[Records excerpted from a collection]
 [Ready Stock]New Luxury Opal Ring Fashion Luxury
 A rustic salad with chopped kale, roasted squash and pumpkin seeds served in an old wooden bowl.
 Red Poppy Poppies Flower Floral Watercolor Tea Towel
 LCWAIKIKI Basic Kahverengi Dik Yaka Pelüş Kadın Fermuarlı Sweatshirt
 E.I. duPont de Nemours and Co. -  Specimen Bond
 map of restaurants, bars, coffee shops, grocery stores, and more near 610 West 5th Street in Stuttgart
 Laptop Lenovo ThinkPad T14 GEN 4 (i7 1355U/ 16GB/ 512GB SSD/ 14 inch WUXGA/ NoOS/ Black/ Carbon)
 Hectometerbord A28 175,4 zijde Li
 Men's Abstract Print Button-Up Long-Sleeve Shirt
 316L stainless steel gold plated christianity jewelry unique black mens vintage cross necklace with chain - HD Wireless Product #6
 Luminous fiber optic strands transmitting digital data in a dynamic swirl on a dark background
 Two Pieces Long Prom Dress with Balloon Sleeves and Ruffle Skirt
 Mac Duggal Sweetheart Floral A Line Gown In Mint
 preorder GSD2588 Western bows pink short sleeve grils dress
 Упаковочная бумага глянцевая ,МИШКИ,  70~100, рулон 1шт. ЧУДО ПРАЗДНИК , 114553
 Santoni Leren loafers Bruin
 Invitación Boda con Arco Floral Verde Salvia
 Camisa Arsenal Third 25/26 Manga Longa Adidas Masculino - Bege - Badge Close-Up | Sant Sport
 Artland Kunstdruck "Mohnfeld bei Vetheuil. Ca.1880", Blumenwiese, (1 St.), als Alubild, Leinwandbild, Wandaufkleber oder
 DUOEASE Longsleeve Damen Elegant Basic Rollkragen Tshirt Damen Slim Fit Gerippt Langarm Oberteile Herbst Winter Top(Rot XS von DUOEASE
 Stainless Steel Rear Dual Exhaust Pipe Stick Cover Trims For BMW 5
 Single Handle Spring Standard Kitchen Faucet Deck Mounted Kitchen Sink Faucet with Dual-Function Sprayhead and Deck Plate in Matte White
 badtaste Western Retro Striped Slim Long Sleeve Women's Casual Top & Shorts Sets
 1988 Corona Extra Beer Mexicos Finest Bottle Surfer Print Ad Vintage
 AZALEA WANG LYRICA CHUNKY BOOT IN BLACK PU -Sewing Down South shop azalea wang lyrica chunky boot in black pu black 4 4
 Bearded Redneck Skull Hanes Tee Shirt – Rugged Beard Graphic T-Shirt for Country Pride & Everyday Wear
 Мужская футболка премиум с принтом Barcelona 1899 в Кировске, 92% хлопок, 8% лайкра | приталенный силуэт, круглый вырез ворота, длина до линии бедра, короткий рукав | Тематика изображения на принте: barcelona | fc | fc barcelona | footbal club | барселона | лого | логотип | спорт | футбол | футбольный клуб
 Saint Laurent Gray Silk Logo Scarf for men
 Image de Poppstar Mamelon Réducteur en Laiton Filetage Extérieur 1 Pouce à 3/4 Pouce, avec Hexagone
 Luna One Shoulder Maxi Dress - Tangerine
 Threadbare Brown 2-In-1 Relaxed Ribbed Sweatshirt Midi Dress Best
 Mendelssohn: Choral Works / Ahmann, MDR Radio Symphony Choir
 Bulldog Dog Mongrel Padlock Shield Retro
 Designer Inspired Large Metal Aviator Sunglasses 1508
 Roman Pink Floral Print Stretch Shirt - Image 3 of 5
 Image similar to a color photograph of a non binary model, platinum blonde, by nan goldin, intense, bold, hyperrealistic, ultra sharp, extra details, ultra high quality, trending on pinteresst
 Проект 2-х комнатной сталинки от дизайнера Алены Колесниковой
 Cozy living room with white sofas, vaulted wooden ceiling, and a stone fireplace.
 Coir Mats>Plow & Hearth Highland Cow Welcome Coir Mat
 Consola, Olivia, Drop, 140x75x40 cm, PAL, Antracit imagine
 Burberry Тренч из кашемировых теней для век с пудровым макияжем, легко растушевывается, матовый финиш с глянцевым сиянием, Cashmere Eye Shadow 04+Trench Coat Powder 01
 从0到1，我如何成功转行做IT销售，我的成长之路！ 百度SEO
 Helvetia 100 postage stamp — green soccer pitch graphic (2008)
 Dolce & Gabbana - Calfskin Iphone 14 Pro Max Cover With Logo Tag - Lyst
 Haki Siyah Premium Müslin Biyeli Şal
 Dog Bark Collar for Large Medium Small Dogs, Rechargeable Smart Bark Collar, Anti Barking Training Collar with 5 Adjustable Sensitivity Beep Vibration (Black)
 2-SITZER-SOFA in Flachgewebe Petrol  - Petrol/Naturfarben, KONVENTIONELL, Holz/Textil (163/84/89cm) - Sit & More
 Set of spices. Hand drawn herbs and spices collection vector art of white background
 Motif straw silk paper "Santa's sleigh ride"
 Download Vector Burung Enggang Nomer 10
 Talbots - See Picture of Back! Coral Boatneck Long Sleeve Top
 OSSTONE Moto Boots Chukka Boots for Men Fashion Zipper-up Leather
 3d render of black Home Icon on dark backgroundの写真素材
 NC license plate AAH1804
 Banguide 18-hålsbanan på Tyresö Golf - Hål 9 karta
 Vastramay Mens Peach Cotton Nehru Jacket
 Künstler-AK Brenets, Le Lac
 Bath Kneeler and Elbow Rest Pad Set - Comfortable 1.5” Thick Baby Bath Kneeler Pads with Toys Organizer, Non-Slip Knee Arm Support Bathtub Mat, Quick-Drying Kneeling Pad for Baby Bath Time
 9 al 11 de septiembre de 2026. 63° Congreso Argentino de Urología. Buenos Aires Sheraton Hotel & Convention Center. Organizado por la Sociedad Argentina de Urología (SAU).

What to produce
For each line in the entries that holds "Cover", return that line.

Output below
 Stainless Steel Rear Dual Exhaust Pipe Stick Cover Trims For BMW 5
 Dolce & Gabbana - Calfskin Iphone 14 Pro Max Cover With Logo Tag - Lyst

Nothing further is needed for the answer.